Tuesday, November 24, 2015

On Reading from the Four Corners

I recently read an article about David Coleman's ascension to president of College Board, which has been met with as much criticism as praise in education circles. This is largely due to Coleman's work as an education consultant but never as an actual educator. Coleman is widely known for his work on the Common Core State Standards and has been credited as the "architect" of Common Core. CCSS seems to be informed by very narrow and reductive theoretical perspectives about literature and its function in modern society. The issue is three-fold:
  1. Coleman believes that students do not read enough nonfiction.
  2. Coleman indicates that students need only understand what is "within the four corners" of the text.
  3. Numbers one and two above result in the devaluation of literary study and its reduction to nothing more than the practice of navigating a standardized test.
The assumption that students do not read enough nonfiction assumes that students are only reading in English Language Arts classes. Typical American high school students spend the majority of their school days in history, math, science, and elective classes. In a seven period day, usually only one is occupied by the English class.

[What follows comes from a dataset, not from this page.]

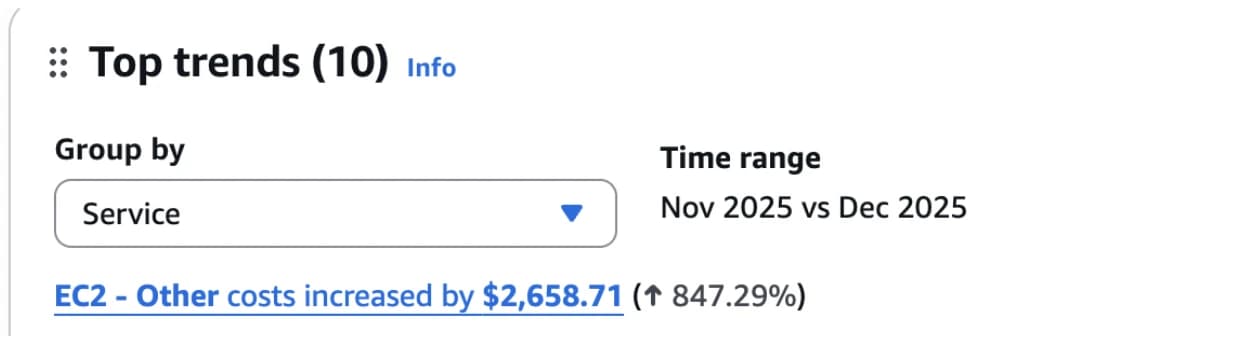 EC2-Other costs increased by $2,658.71, up 847.29% from Nov 2025 to Dec 2025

Even if reading only occurs in core classes, prose fiction and poetry still only account for 25% of what students should be reading. And English Language Arts teachers have long chosen quality nonfiction selections for study. My students read nonfiction by Mandela, King, Solzhenitsyn, Paine, Jefferson, Mather, and Edwards, just to name a few. These are studied in context with prose fiction and poetry.

Literature is civilization’s collection of stories about being human. Those stories did not spring forth from a vacuum. Culture, time, place, history, the human condition--these all inform literature. Shared reading of great literature connects people in powerful ways. Literature requires meaning be brought to it by the life experiences of the reader; thus, the same stories change over time for the reader. As we grow and experience life, our understanding of literature changes. Fiction is what initially makes people independent readers. It also teaches us that, while all fact is true, not all truth is fact.

The study of great literature cannot be contained within the "four corners" of text. It is inextricably connected to the culture, time, and conditions of its origin. One cannot read Dr. King's "Letter from Birmingham Jail" without understanding the struggle of the Civil Rights Movement. It is in providing that anchor for students that Dr. King's message becomes clear. What is the purpose and justification for civil disobedience on the order that Dr. King advocates if the Movement doesn't exist for students? And if that is never connected to the extensive literature and history of civil disobedience in America and the world, what further meaning does King's letter have? Through the study of literature individual struggles can be seen as shared human struggles.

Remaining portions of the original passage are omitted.